Segment Start: EXTRACTED ENTRIES

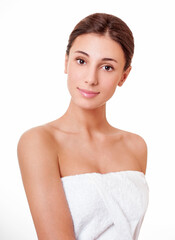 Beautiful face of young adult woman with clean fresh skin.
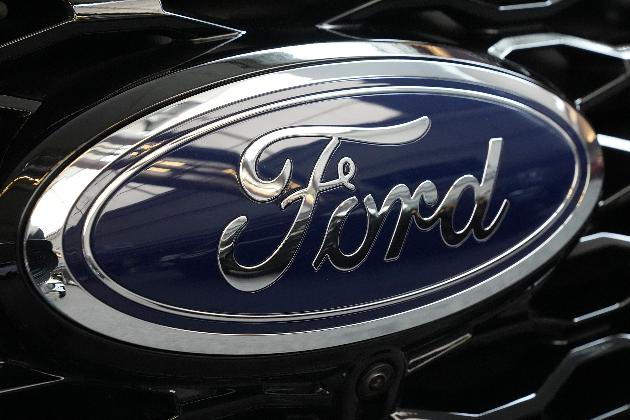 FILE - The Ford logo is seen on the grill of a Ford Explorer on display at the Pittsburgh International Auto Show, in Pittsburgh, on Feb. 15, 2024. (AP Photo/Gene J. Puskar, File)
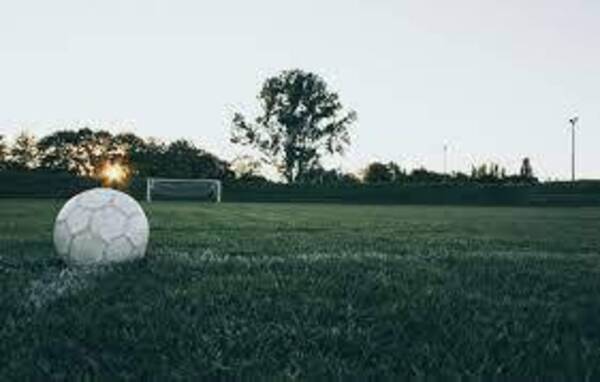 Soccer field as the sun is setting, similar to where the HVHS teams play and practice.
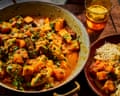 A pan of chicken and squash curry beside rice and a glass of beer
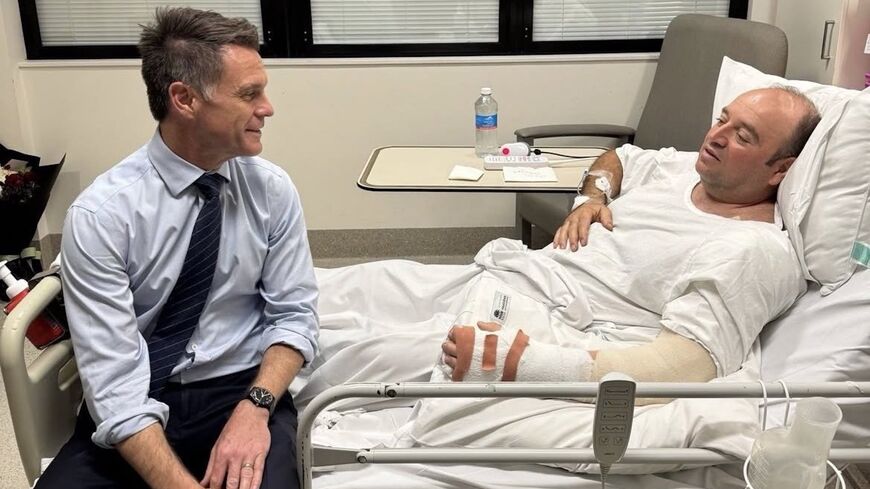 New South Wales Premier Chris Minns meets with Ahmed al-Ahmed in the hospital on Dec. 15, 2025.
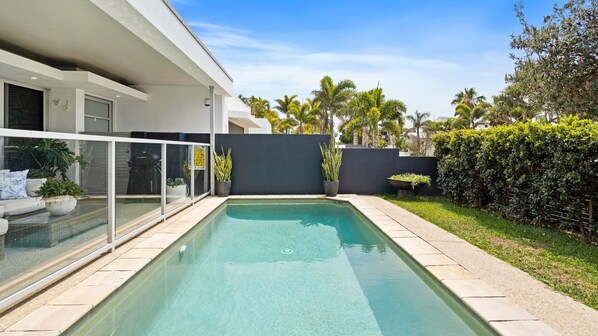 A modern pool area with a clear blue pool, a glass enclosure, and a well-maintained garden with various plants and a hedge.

Segment End: EXTRACTED ENTRIES

PROBLEM STATEMENT
Starting at the line with "FILE - The Ford" in the entries above, write out every line exactly until the line with "Soccer field as" has been written. Include no pictures and nothing more.

YOUR SOLUTION
 FILE - The Ford logo is seen on the grill of a Ford Explorer on display at the Pittsburgh International Auto Show, in Pittsburgh, on Feb. 15, 2024. (AP Photo/Gene J. Puskar, File)
 Soccer field as the sun is setting, similar to where the HVHS teams play and practice.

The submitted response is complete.